● The records:
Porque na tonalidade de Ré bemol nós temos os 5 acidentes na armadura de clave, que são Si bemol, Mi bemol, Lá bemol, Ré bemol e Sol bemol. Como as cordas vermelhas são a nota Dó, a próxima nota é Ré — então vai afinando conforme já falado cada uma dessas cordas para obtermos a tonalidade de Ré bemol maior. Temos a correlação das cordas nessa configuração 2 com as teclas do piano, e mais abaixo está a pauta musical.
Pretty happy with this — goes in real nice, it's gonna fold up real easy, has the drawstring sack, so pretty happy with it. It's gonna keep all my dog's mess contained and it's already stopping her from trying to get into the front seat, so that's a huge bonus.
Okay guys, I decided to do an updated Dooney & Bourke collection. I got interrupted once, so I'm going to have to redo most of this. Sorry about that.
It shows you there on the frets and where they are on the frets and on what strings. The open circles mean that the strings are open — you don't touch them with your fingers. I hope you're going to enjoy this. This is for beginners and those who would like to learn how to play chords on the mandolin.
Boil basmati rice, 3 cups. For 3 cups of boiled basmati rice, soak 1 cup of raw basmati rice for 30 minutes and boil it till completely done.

==

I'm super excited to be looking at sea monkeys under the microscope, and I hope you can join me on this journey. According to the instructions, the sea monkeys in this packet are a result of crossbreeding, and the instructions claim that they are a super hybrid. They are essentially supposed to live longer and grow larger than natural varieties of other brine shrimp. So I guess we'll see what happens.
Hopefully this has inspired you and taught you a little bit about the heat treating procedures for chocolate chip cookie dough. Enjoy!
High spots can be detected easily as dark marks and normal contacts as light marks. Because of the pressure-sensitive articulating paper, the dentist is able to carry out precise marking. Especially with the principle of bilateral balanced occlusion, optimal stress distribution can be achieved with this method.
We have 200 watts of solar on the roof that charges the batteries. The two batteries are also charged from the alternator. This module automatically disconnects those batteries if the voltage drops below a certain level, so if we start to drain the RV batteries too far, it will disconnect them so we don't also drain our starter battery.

● Task to carry out:
Above are the records; repeat exactly the lines from the one holding "I'm super excited" down to the one holding "We have 200", end lines included.

● Problem solution:
I'm super excited to be looking at sea monkeys under the microscope, and I hope you can join me on this journey. According to the instructions, the sea monkeys in this packet are a result of crossbreeding, and the instructions claim that they are a super hybrid. They are essentially supposed to live longer and grow larger than natural varieties of other brine shrimp. So I guess we'll see what happens.
Hopefully this has inspired you and taught you a little bit about the heat treating procedures for chocolate chip cookie dough. Enjoy!
High spots can be detected easily as dark marks and normal contacts as light marks. Because of the pressure-sensitive articulating paper, the dentist is able to carry out precise marking. Especially with the principle of bilateral balanced occlusion, optimal stress distribution can be achieved with this method.
We have 200 watts of solar on the roof that charges the batteries. The two batteries are also charged from the alternator. This module automatically disconnects those batteries if the voltage drops below a certain level, so if we start to drain the RV batteries too far, it will disconnect them so we don't also drain our starter battery.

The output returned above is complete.